Shorts (right)
East coast braces for Hurricane Earl
Hurricane Earl closed in on North Carolina early Thursday evening, pelting the eastern part of the state with bands of rain and powerful blasts of wind as communities and seaside towns across the eastern seaboard braced for the storm’s devastating force.
Thousands of tourists were evacuated from the Outer Banks in North Carolina — which was already feeling the impact of the storm’s steady march — and at seaside inns in Long Island and the Jersey Shore, owners began pulling down their canvas awnings, pulling in their patio furniture and handing out flashlights to guests who had come to revel in an extended Labor Day weekend.
In Massachusetts, Gov. Deval Patrick declared a state of emergency and asked residents near the coast to consider relocating.
Euro’s slide gives Germany an edge on Japanese rivals
FRANKFUT, Germany — There was a touch of gloating in the most recent earnings report issued by Kuka, a company based in the Bavarian city of Augsburg whose orange industrial robots are a common site on auto assembly lines.
Kuka said last month that its sales had more than bounced back to levels predating the financial crisis. By contrast, sales at its Japanese rivals were still one-third below where they had stood in early 2008, before the global downturn slammed the machinery industry.
A surge in orders from European carmakers has helped Kuka’s rebound. But it also does not hurt that the euro has plunged in value compared with the yen, which has given Kuka a price advantage against Japanese competitors that it did not have a year ago.
“Price is not the sole criteria, but it’s an important criteria,” Kuka’s chief executive, Till Reuter, said in an interview. “The weaker euro is to our advantage.”

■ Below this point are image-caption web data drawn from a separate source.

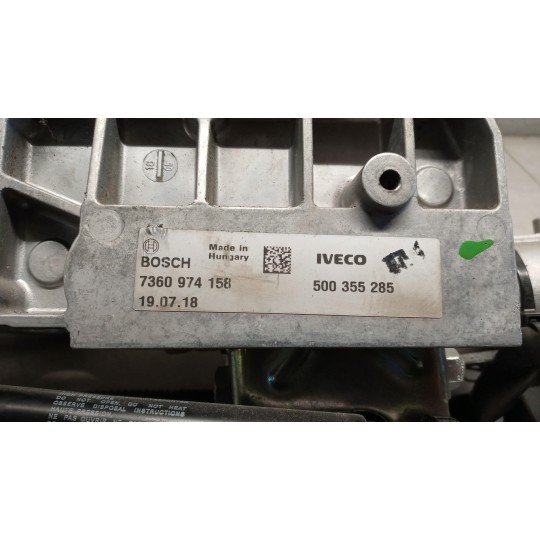 STEERING COLUMN  IVECO Stralis 2013> used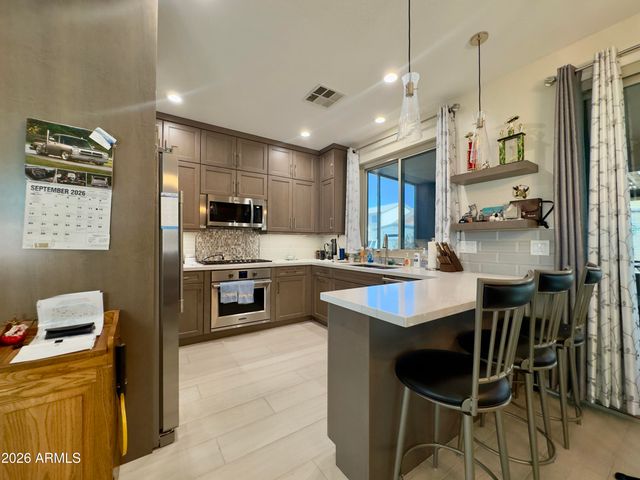 17588 W EAST WIND Avenue, Goodyear, AZ 85338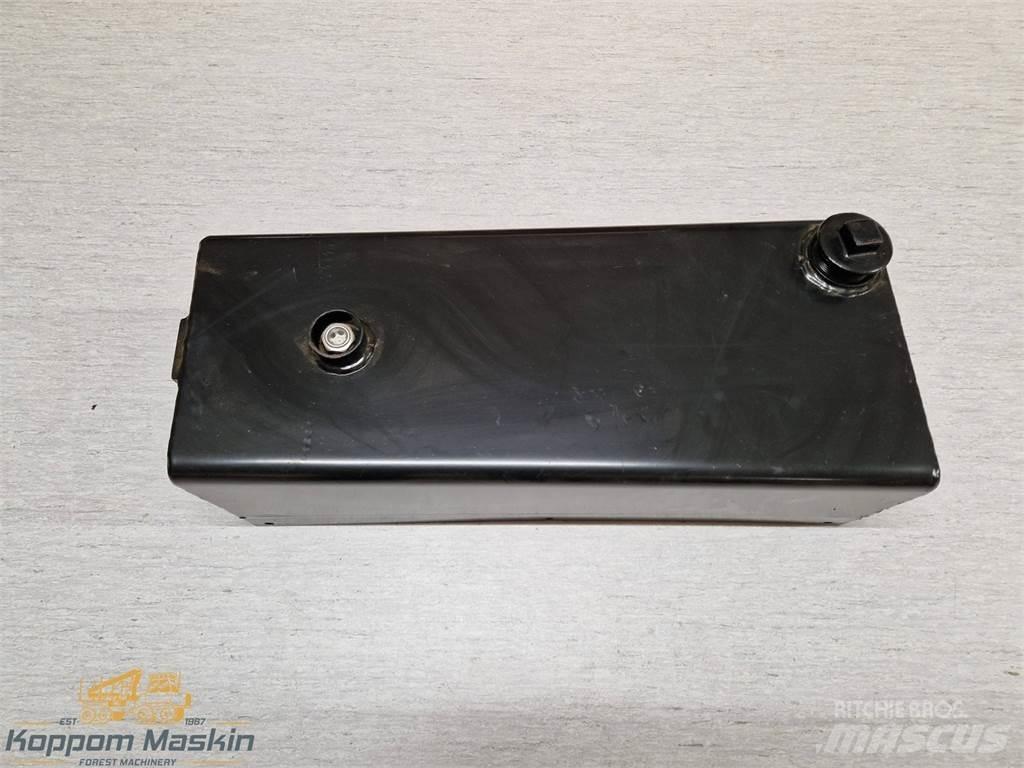 Rottne 925-0615 Hydraulik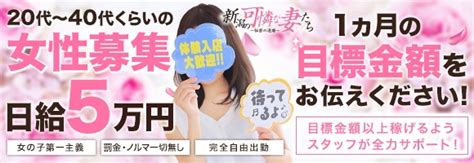 新発田 人妻デリヘル|新発田市の人妻デリヘル 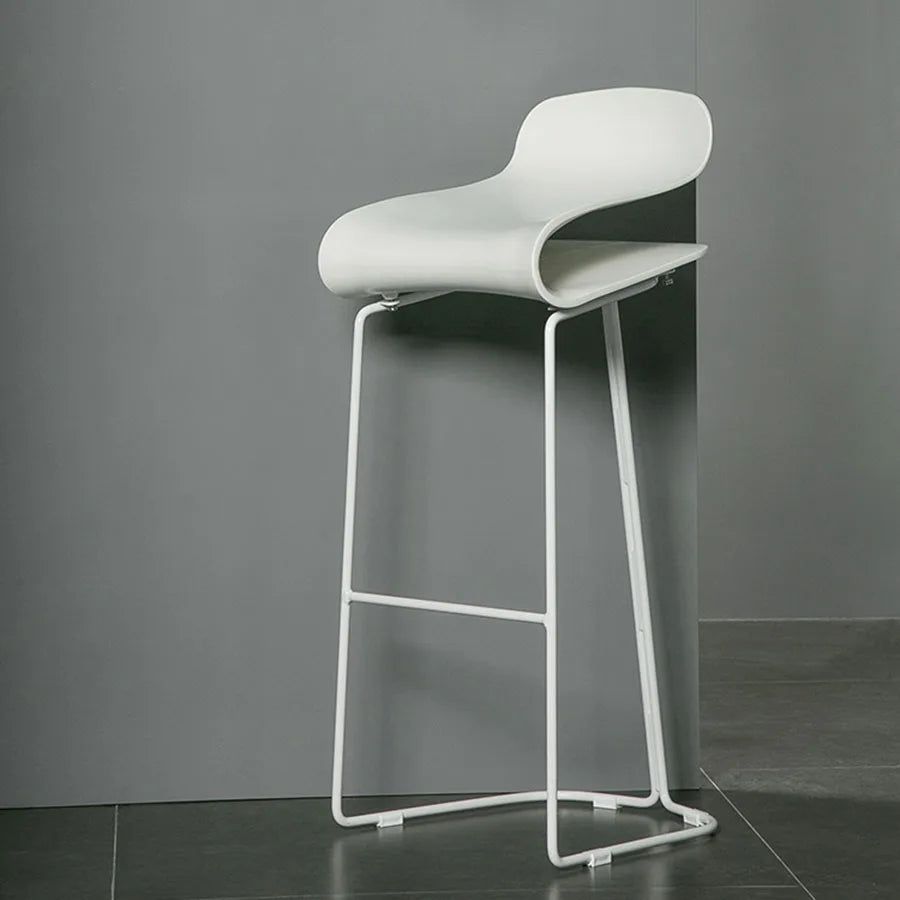 Designer Vintage Thin Bar Chair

Employers pushed higher health insurance costs onto workers
As health care costs continue their relentless climb, companies are increasingly passing on higher premium costs to workers. The shift is occurring, policy analysts and others say, as employers feel more pressure from the weak economy and the threat of even more expensive coverage under the new health care law.
In contrast to past practices of absorbing higher prices, companies chose this year to keep their costs the same by passing the entire increase in premiums for family coverage onto their workers, according to a survey released Thursday by the Kaiser Family Foundation, a nonprofit research group. Workers’ share of the cost of a family policy jumped an average of 14 percent, an increase of about $500 a year. The cost of a policy rose just 3 percent, to an average of $13,770.
Workers are now paying nearly $4,000 for family coverage, according to the survey, and their costs have increased much faster than those of employers.